Why does mineral water that ‘has trickled through mountains for centuries’ have a ‘use by’ date?
Why does the sun lighten our hair, but darkens our skin?
A hangover is the wrath of grapes.
Can you sentence a homeless man to house arrest?
A conscience is what hurts when all your other parts feel so good.
OK, so what’s the speed of dark?
Why are they called stairs inside but steps outside?
Sign In Chinese Pet Store: “Buy one dog, get one flea…”
Alarms: What an octopus is.
I almost had a psychic girlfriend but she left me before we met.
When an actress saw her first strands of gray hair she thought she’d dye.
Only in America… do we buy hot dogs in packages of ten and buns in packages of eight.
Once you’ve seen one shopping center you’ve seen a mall.
Bills travel through the mail at twice the speed of checks.
Why is it called Alcoholics Anonymous when the first thing you do is stand up and say, ‘My name is Bob, and I am an alcoholic?’
Those who get too big for their britches will be exposed in the end.
Everyday I beat my own previous record for number of consecutive days I’ve stayed alive.
A chicken crossing the road is poultry in motion.
99% of lawyers give the rest a bad name.
The early bird may get the worm, but the second mouse gets the cheese.
If man evolved from monkeys and apes, why do we still have monkeys and apes?
Time flies like an arrow. Fruit flies like a banana.
Artificial intelligence is no match for natural stupidity.
Why are they called “stands” when they are made for sitting?
Why is it called tourist season if we can’t shoot at them?
I’d kill for a Nobel Peace Prize.
If you don’t pay your exorcist you get repossessed.
The short fortune-teller who escaped from prison was a small medium at large.
The man who fell into an upholstery machine is fully recovered.
You feel stuck with your debt if you can’t budge it.
What if there were no hypothetical questions?
Half the people you know are below average.
Local Area Network in Australia: the LAN down under.
Why is it that doctors call what they do “practice”?
I used to work in a blanket factory, but it folded.
A grenade thrown into a kitchen in France would result in Linoleum Blownapart.
He often broke into song because he couldn’t find the key.
How do they get the deer to cross at that yellow road sign?
If you look like your passport picture, you probably need the trip.
Sea captains don’t like crew cuts.
I went to a bookstore and asked the saleswoman, “Where’s the self-help section?” She said if she told me, it would defeat the purpose.

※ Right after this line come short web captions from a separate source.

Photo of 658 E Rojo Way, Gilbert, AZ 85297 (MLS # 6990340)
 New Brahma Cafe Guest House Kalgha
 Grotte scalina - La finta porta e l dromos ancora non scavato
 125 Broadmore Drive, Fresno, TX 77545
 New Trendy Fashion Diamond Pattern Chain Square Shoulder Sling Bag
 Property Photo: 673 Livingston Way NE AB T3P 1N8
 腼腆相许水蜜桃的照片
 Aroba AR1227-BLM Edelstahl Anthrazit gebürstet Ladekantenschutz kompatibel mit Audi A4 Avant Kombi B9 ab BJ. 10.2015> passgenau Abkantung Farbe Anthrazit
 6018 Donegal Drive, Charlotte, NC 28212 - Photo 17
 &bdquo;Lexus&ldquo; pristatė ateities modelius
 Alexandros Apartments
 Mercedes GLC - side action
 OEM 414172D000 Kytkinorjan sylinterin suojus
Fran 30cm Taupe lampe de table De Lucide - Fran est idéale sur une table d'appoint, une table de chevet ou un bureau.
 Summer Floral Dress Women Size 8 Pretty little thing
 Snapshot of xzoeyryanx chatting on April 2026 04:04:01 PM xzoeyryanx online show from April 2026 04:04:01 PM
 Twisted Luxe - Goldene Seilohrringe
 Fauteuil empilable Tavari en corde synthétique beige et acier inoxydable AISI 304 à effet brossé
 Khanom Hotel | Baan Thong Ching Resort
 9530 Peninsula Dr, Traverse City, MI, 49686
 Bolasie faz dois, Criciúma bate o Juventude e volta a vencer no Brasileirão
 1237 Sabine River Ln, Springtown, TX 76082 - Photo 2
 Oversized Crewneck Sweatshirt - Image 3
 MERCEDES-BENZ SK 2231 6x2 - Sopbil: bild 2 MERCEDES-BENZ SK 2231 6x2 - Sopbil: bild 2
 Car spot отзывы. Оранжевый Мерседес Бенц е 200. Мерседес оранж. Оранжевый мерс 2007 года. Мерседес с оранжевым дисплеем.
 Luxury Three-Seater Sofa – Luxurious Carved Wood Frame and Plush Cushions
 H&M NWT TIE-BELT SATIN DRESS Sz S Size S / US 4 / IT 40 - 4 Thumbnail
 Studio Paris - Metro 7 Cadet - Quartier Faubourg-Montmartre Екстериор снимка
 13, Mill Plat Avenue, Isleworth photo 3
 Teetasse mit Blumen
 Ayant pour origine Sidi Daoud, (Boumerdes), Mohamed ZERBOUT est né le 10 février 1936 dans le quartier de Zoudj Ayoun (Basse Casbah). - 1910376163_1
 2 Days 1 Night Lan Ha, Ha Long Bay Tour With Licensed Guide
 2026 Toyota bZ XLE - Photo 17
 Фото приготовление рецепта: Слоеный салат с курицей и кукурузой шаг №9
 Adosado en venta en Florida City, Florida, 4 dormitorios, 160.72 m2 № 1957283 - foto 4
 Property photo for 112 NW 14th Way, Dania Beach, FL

When a clock is hungry, it goes back four seconds.
Going to church doesn’t make you a Christian, any more than standing in a garage makes you a car.
Why don’t you ever see the headline “Psychic Wins Lottery”?
Only in America… can a pizza get to your house faster than an ambulance.
Only in America… do banks leave both doors open and then chain the pens to the counters.
A backwards poet writes inverse.
I married my wife for her looks…but not the ones she’s been giving me lately!
Atheism is a non-prophet organization.
If you’re too open-minded; your brains will fall out.
Marriage changes passion…suddenly you’re in bed with a relative.
One tequila, two tequila, three tequila, floor.
Two peanuts walked into a bar. One was a salted.